Work required
Restate, word for word and with no pictures, the stretch of lines in the data below that begins at the line with "Schornsteinfeger arbeitet während" and ends at the line with "Salmito Filho, Julia, Jamile E Salmito Neo", inclusive.
Extracted data Block Start
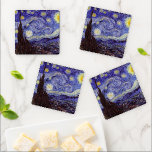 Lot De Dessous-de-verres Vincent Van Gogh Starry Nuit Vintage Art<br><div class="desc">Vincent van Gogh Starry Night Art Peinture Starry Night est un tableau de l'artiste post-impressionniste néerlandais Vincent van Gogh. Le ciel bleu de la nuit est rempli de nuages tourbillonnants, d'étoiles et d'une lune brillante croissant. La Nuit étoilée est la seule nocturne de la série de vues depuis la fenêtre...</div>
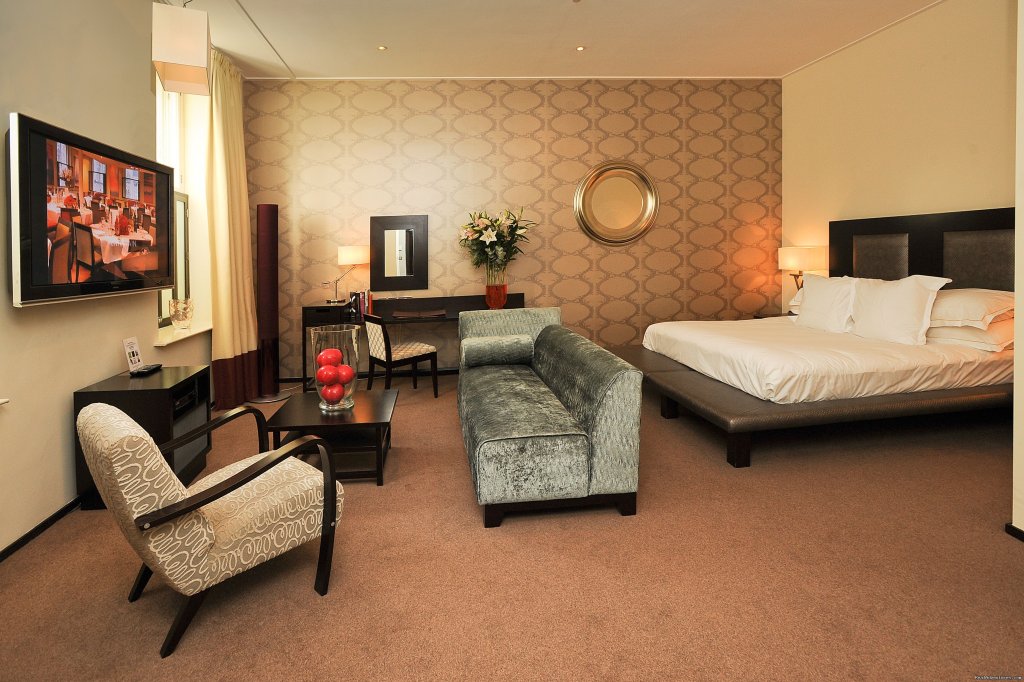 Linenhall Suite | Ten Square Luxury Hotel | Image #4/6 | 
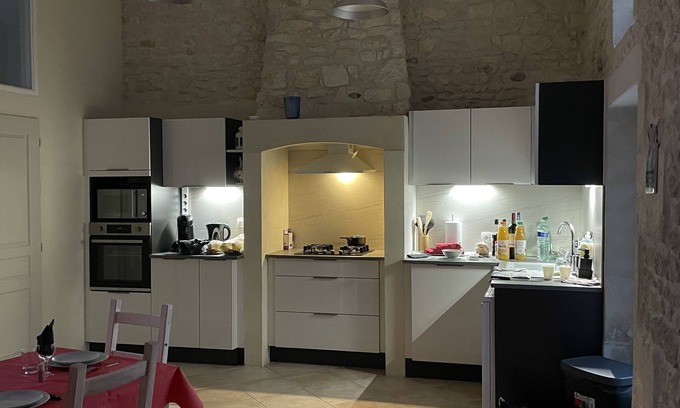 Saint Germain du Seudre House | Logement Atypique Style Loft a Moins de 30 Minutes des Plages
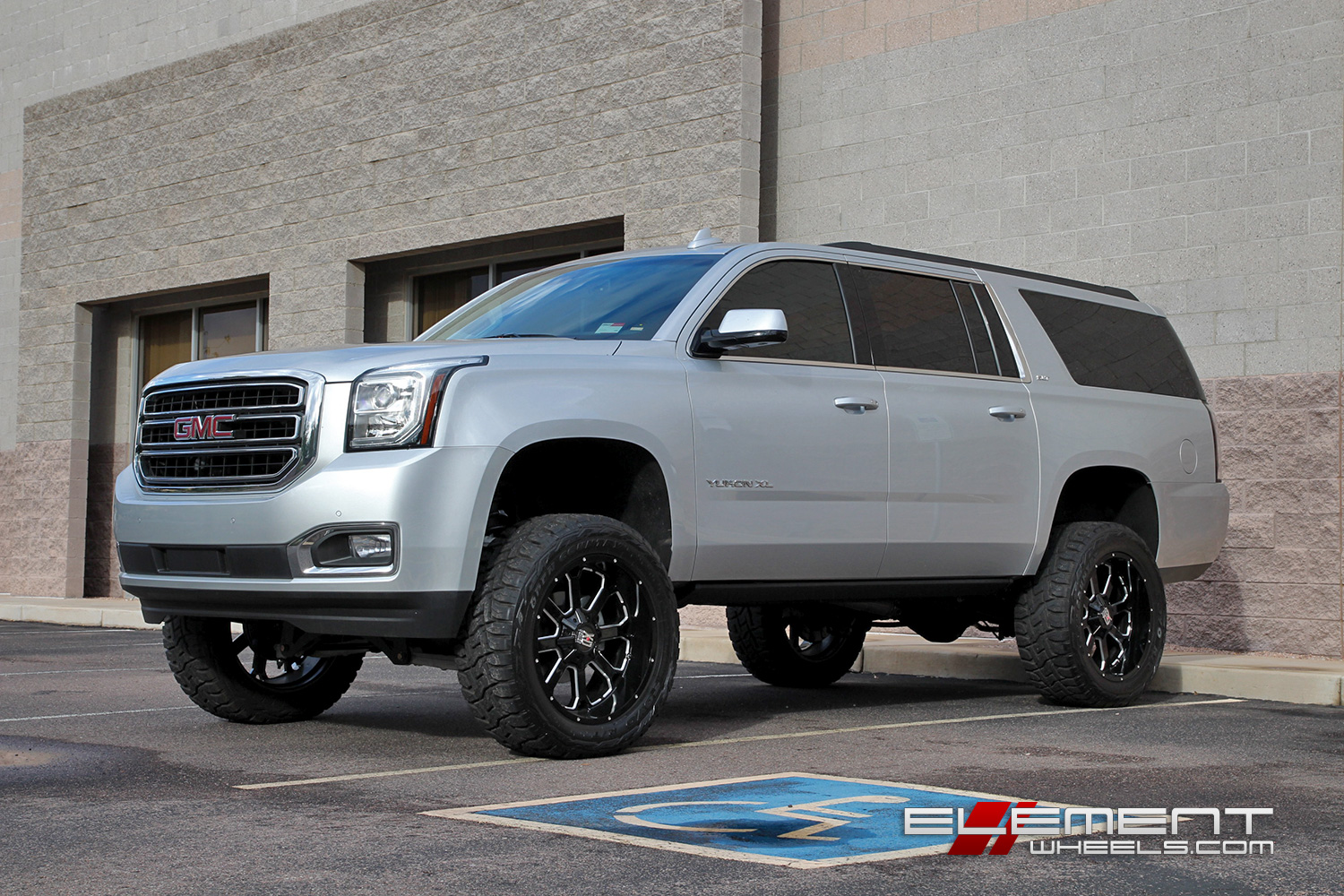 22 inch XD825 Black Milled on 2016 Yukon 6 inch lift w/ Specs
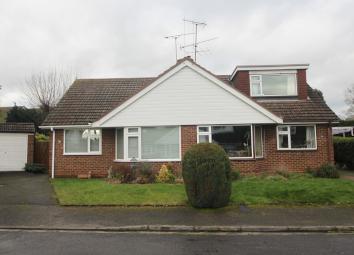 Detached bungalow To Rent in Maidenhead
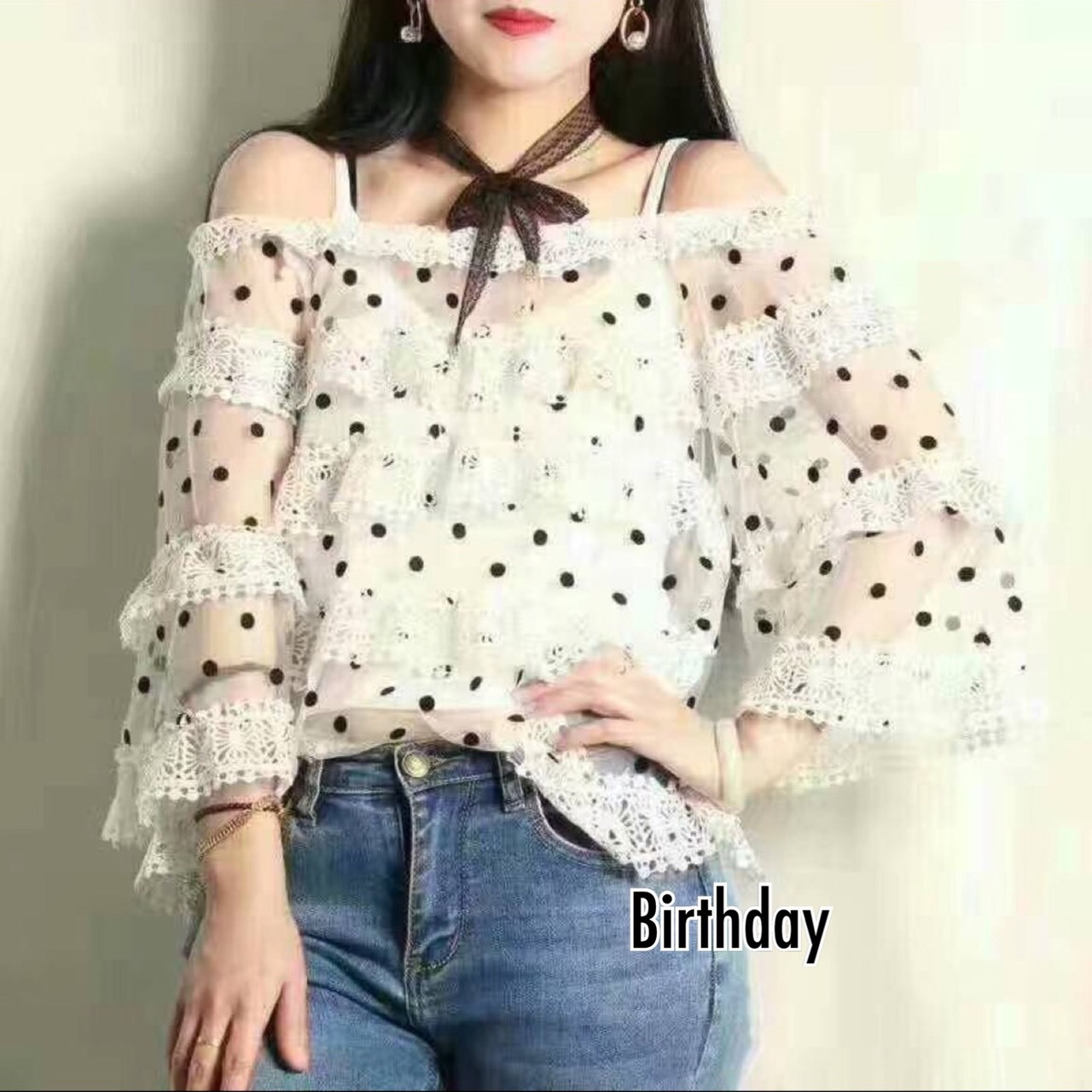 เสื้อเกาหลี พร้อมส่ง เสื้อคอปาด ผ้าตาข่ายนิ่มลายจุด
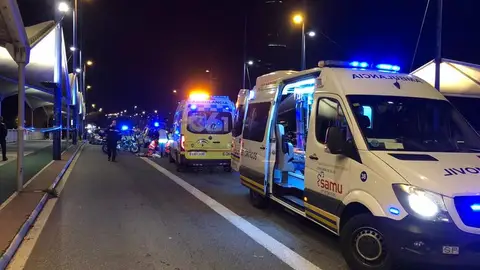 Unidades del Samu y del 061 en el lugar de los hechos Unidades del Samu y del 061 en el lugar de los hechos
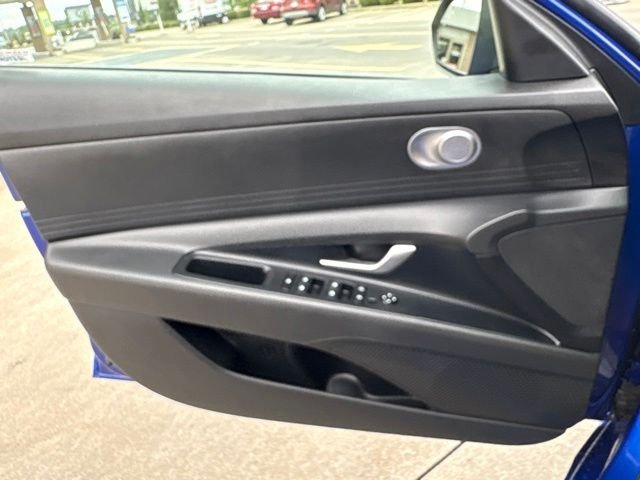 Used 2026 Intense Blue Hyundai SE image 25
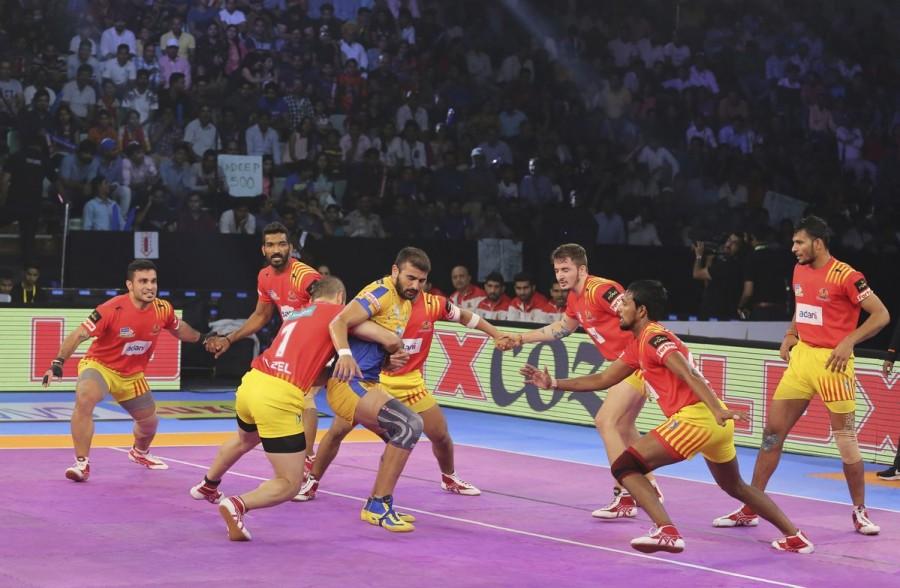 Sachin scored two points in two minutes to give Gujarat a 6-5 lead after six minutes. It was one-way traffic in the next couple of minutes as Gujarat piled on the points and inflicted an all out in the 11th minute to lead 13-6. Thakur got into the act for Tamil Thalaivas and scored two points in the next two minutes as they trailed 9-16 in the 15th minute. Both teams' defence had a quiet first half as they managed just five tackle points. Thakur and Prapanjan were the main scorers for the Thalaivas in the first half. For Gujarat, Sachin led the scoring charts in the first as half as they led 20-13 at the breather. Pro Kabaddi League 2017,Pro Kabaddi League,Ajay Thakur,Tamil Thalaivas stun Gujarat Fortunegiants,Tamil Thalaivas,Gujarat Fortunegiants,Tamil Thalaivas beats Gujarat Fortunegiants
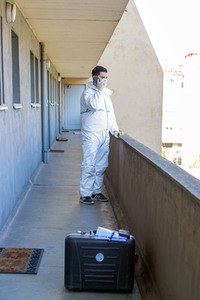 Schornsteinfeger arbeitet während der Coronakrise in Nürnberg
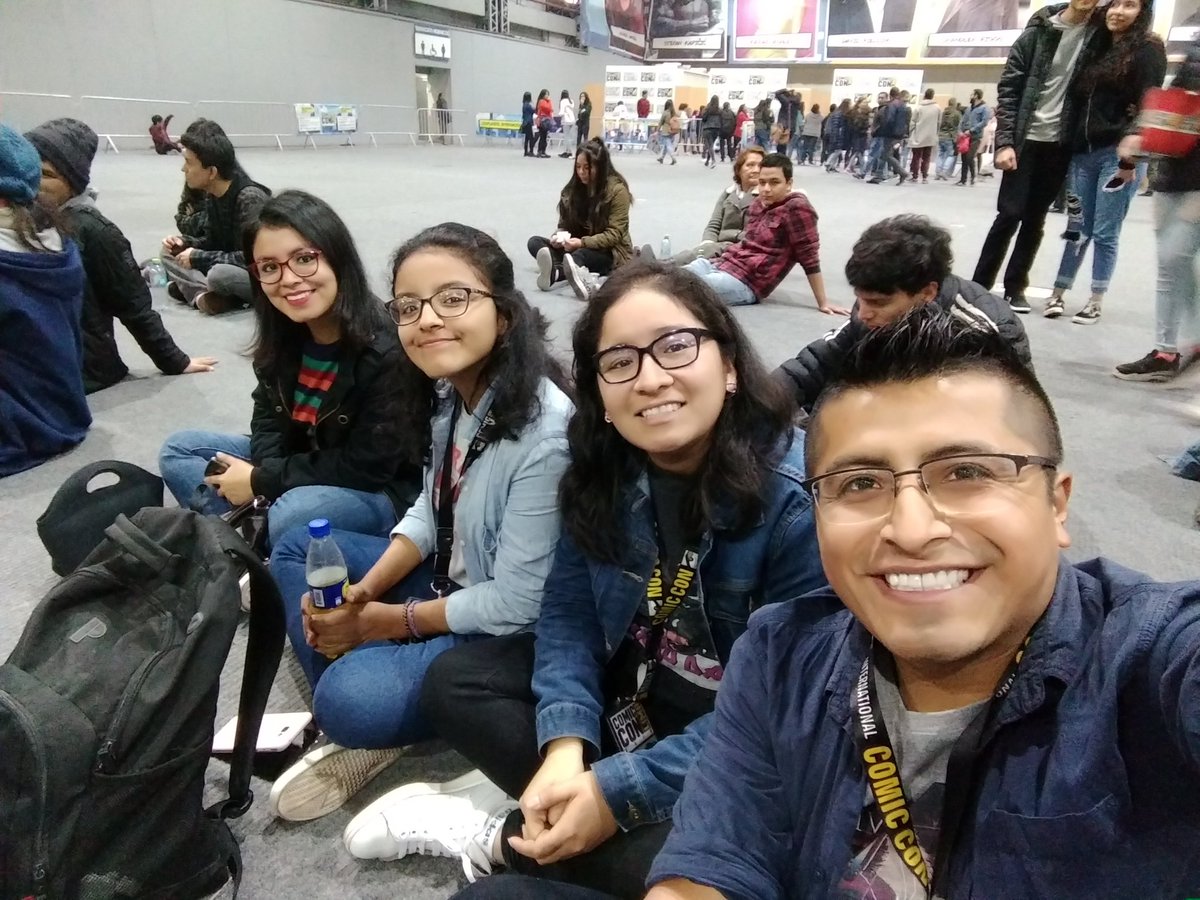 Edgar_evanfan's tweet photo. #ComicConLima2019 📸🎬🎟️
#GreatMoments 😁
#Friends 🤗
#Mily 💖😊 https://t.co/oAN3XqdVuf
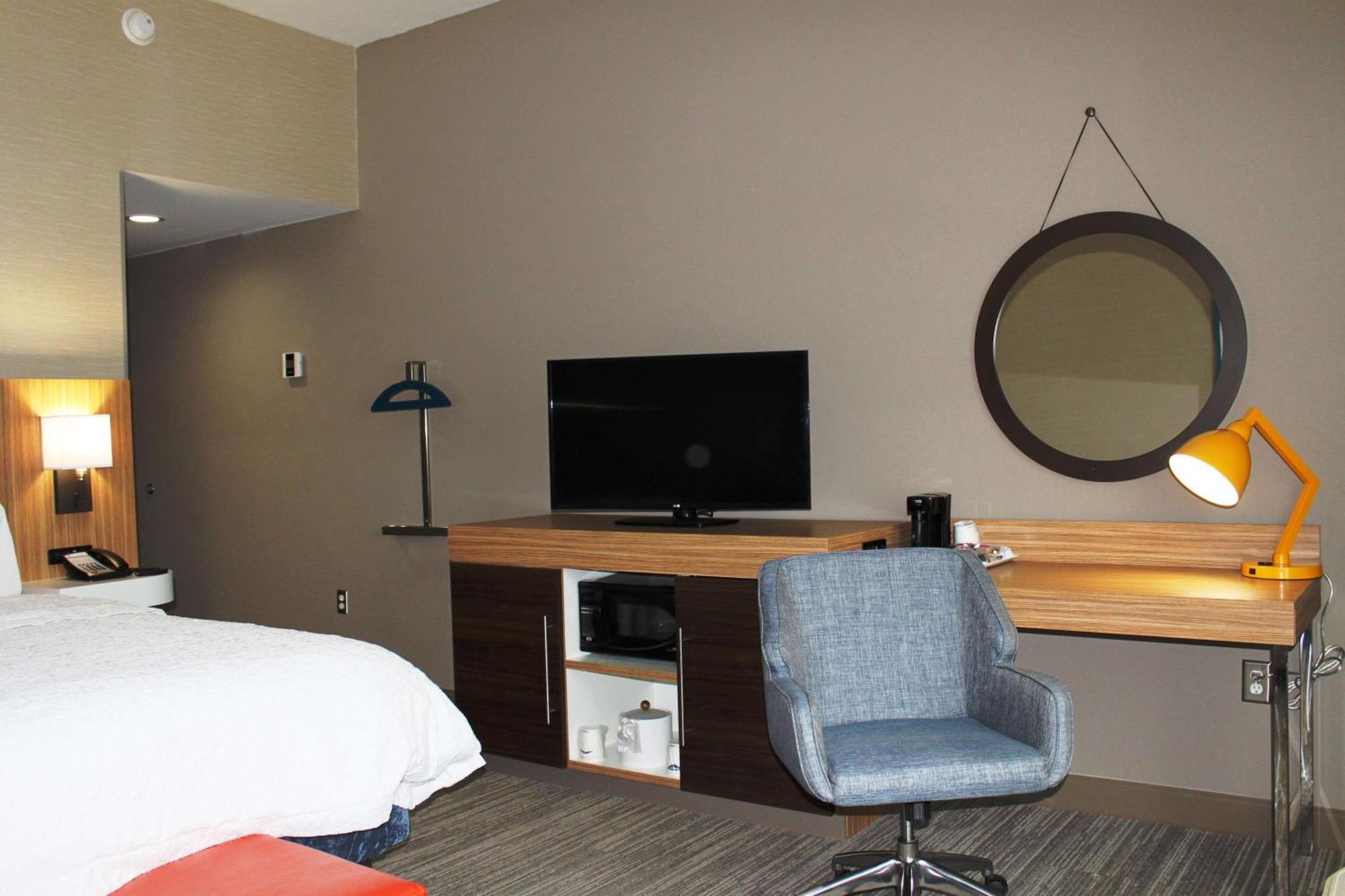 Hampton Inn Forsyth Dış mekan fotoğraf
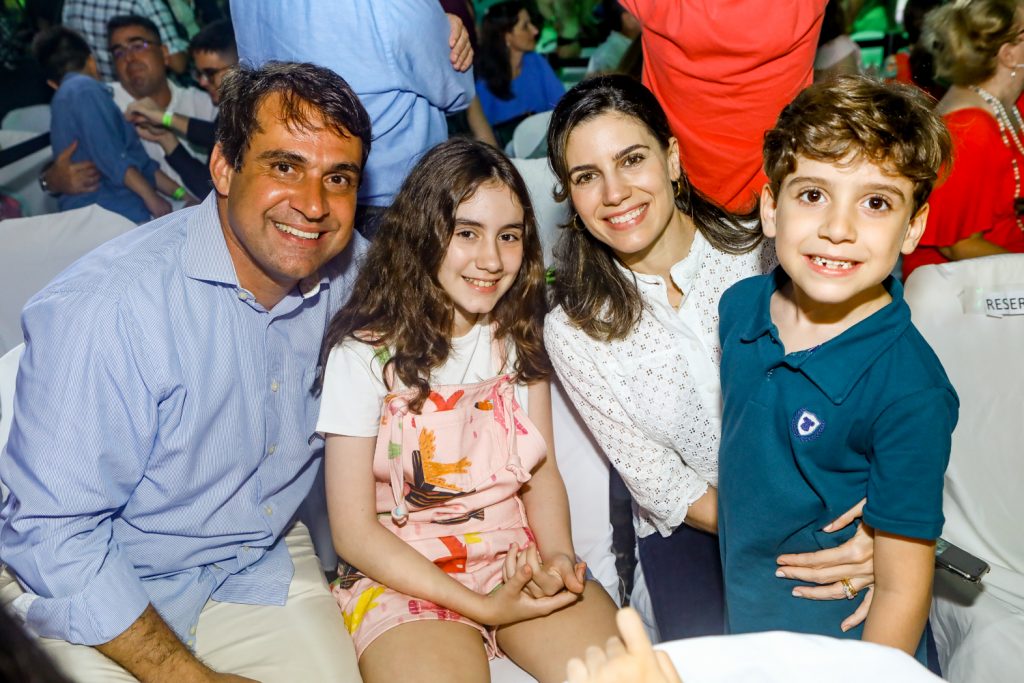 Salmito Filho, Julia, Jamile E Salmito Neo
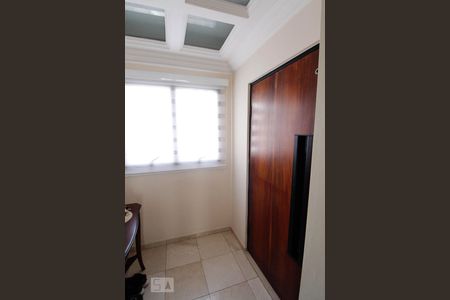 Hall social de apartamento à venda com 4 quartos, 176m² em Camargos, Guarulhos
Extracted data Block End
Written solution
 Schornsteinfeger arbeitet während der Coronakrise in Nürnberg
 Edgar_evanfan's tweet photo. #ComicConLima2019 📸🎬🎟️
#GreatMoments 😁
#Friends 🤗
#Mily 💖😊 https://t.co/oAN3XqdVuf
 Hampton Inn Forsyth Dış mekan fotoğraf
 Salmito Filho, Julia, Jamile E Salmito Neo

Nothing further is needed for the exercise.